Versión en español de esta publicación.
Some time ago I wanted to write this post and I didn’t had the opportunity. In general, one would like to have as much information as possible to be able to structure your thesis document in the desired way. This has not been my case, and in an attempt to make things easier for someone else in the same situation, I have decided to make this writing.
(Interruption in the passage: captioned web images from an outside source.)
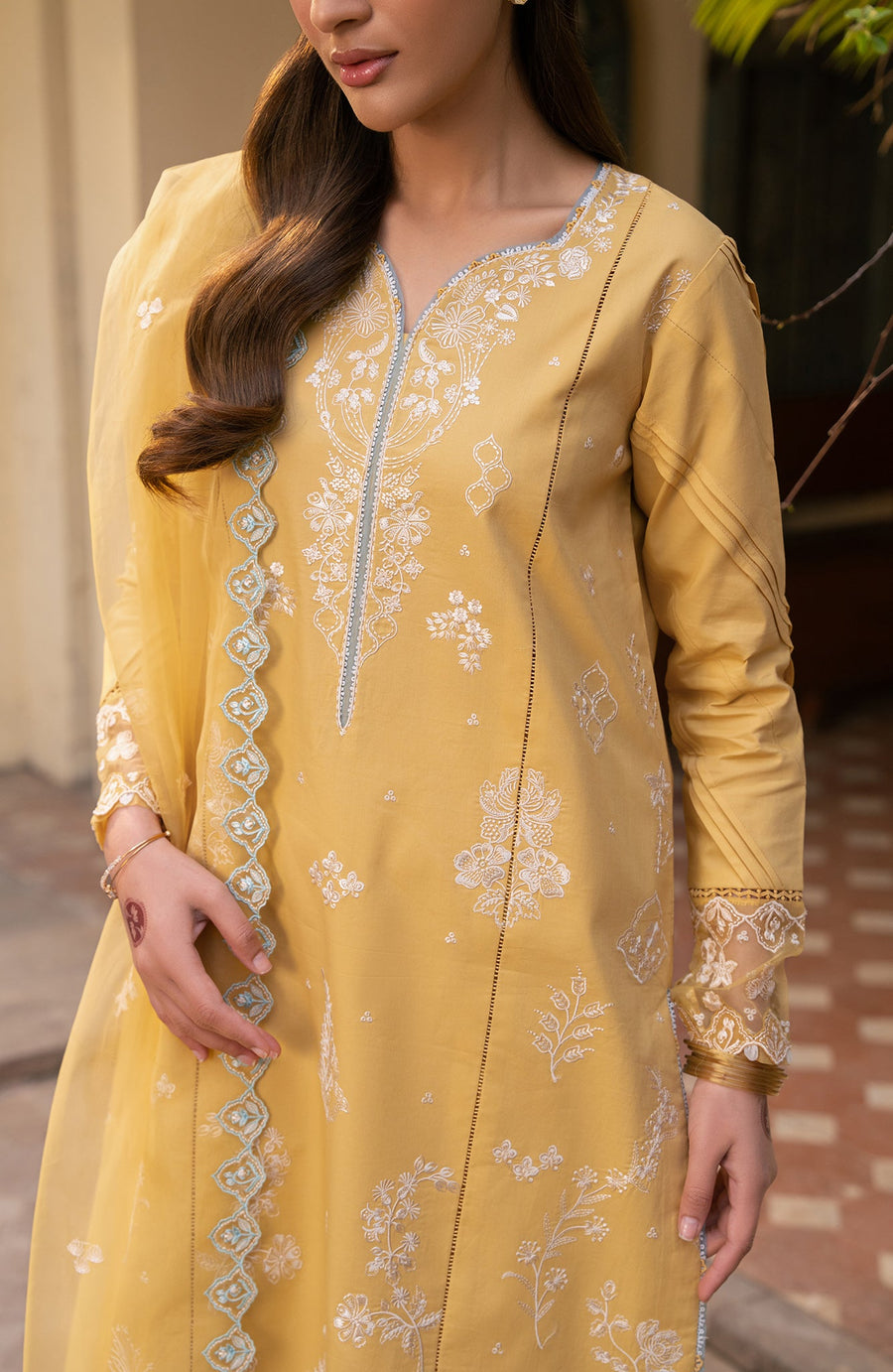 Seran Lamhay Embroidered Lawn Unstitched 3Pc Suit D-09 ZIRA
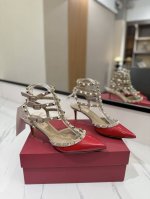 出厂价Pp： Valentino 华伦天奴铆钉 Vt经典环绕踝脚带铆钉凉鞋，历久弥新深入人心永不过时的必备单品顶级复刻！侧身弧线完美，原版开模定制不生锈铆钉 特
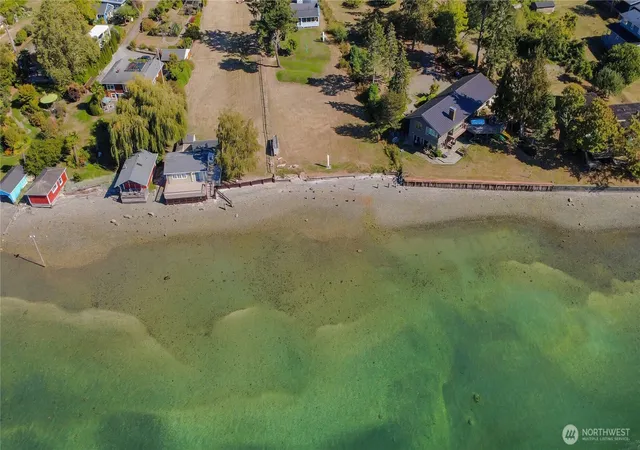 Photo 3 of Single family home for sale at 25815 Stuckey Ave SW, Vashon, WA 98070 | MLS# NWM2586555 | Listing updated on 2026-09-27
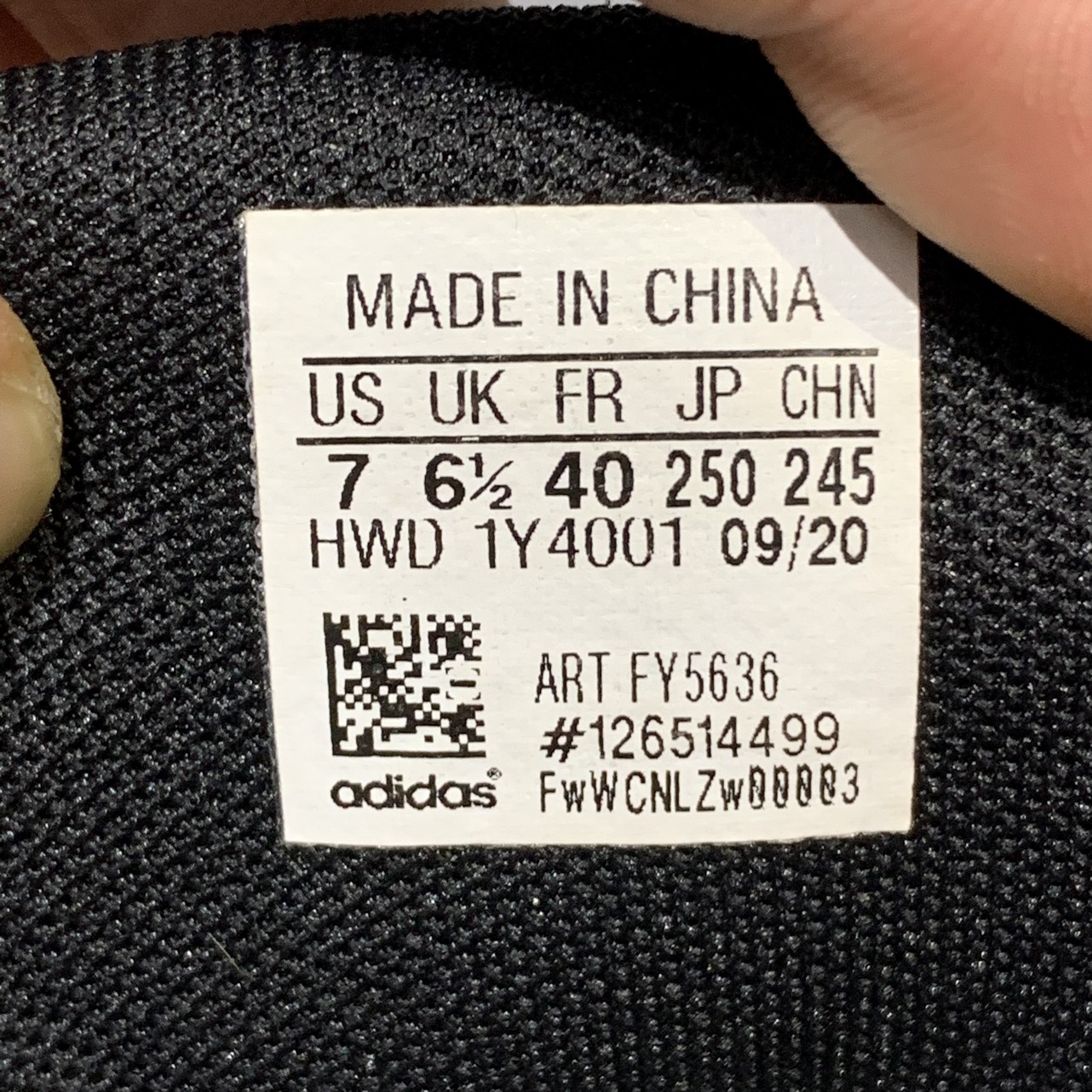 2hand giày Adidas Entrap Mid Core Black Gum Cloud White FY5636 SIZE 40 PVN12138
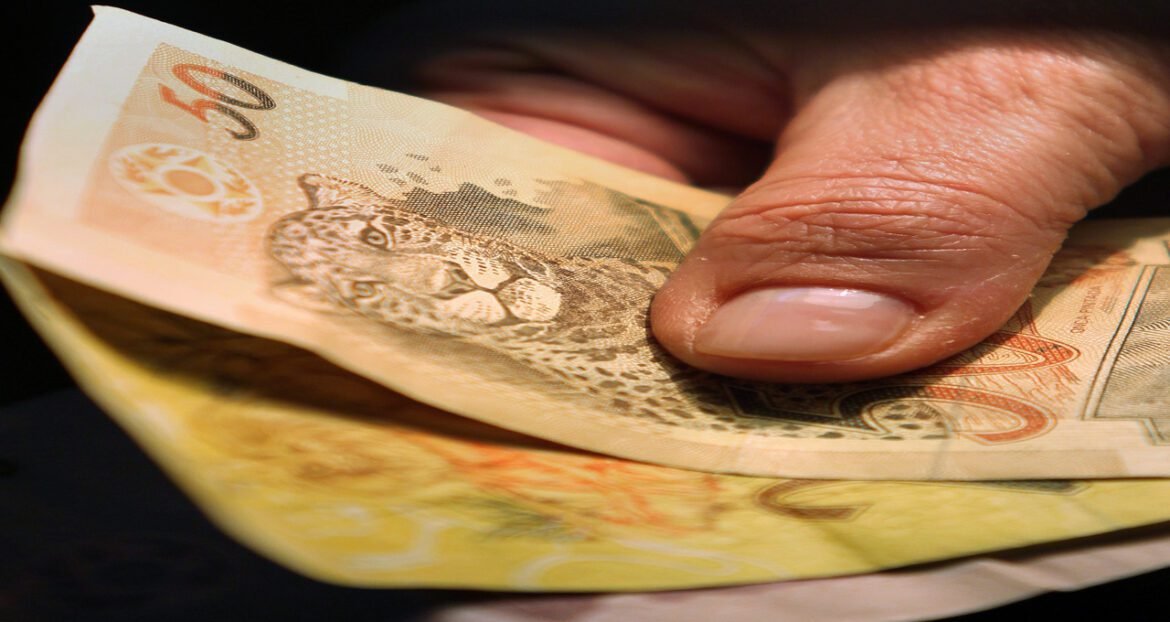 Poupança no Brasil tem quinto mês de saques consecutivos, informa o Banco Central.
Learning $\LaTeX$ to write all kinds of documents is a true delight! However, its not easy, here I intend to reflect some tips that have been useful for me to write my doctoral thesis document that eventually became a book and can be found in the following url.

Practices

Probably these tips are not for all people. Remember that my passion and main occupation is to program. And as a programmer I have in mind some concepts that I can not easily get rid of. When using $\LaTeX$ you are practically programming, the difference is that when you compile, instead of watching a program, page, component, app, robot or whatever you are creating, you will see a beatiful document in pdf format. Although in reality it can be another format, but at the end of the day in this article I refer to a document and specifically, a pdf.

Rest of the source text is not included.